最初は自分の銀行口座に入金していましたが、その後、架空の会社を作り、その会社宛に合計で 130 枚以上もの不正な小切手を発行しました。不正な小切手の発行は、次第に頻度が増え、金額も上がり、エスカレートしていったのです。
会社のお金を横領することが日常業務となり、自由にお金を盗むことができるようになった一方で、ライアンは精神的なバランスを失っていきました。怒りっぽくなり、家では寝ずにゲームをし、お金を盗んだこと対して自己嫌悪に陥りました。不正がバレないかと怯えたり、どうせバレるならやめる必要なんてないと自問自答を繰り返したりして、自分を追い込んでいきました。

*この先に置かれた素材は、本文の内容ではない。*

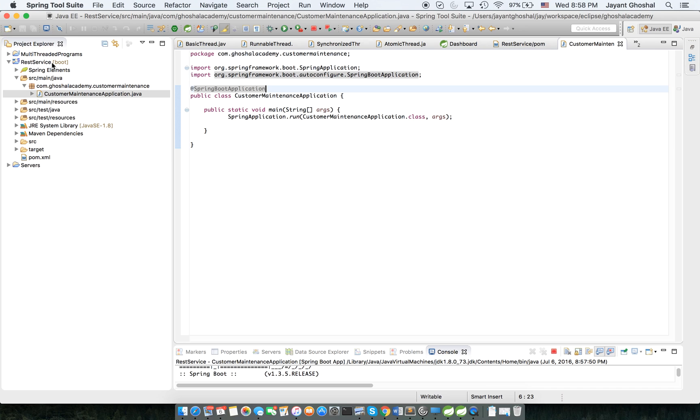So we're going to pause the video here and then we're going to come in and create the REST controller and then we'll create a POJO, etc. We'll go step by step. This is part one. Thanks, bye.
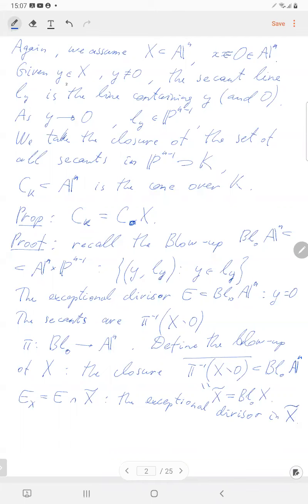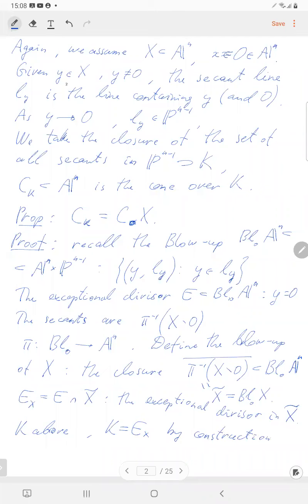Then K-bar, from the first half of this page, is nothing but this exceptional divisor — just by construction, by definition. We still have to prove that the tangent cone is the cone over the exceptional divisor in the blow-up. We want to prove that the tangent cone equals the cone over K, which is the same as the cone over the exceptional divisor in the blow-up. In other words, let's consider the other projection pi prime from Bl_0(X) to P^{n-1}.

ある日、オーナーの前に立ったとき、汗がダラダラと流れ、止まらなくなりました。オーナーに勧められて精神科に通院しましたが、最終的に解雇されました。
会社の IT チームが、退職者による不正な情報の持ち出しがないかを確認しているときに、ライアンによる小切手の不正を発見しました。それまで会社はライアンの横領にまったく気付いていなかったのです。
不正が発覚したとき、「これでやっと終われる、もう嘘に生きなくてもいい」と、ほっとした、とライアンは当時を振り返って語りました。
出所後、彼は友人の会社でごみ収集係として 9 ドル 50 セントの時給で働き、今はプロダクト・マネージャーとして再びまじめに働いているそうです。
米国では不正実行者や犯罪者にセカンド チャンス (再挑戦の機会) を与えるので、ライアンのように自分が犯した過ちを多くの人の前で語れるのだと思います。不正実行者の心理を学習できる非常に良い対談でした。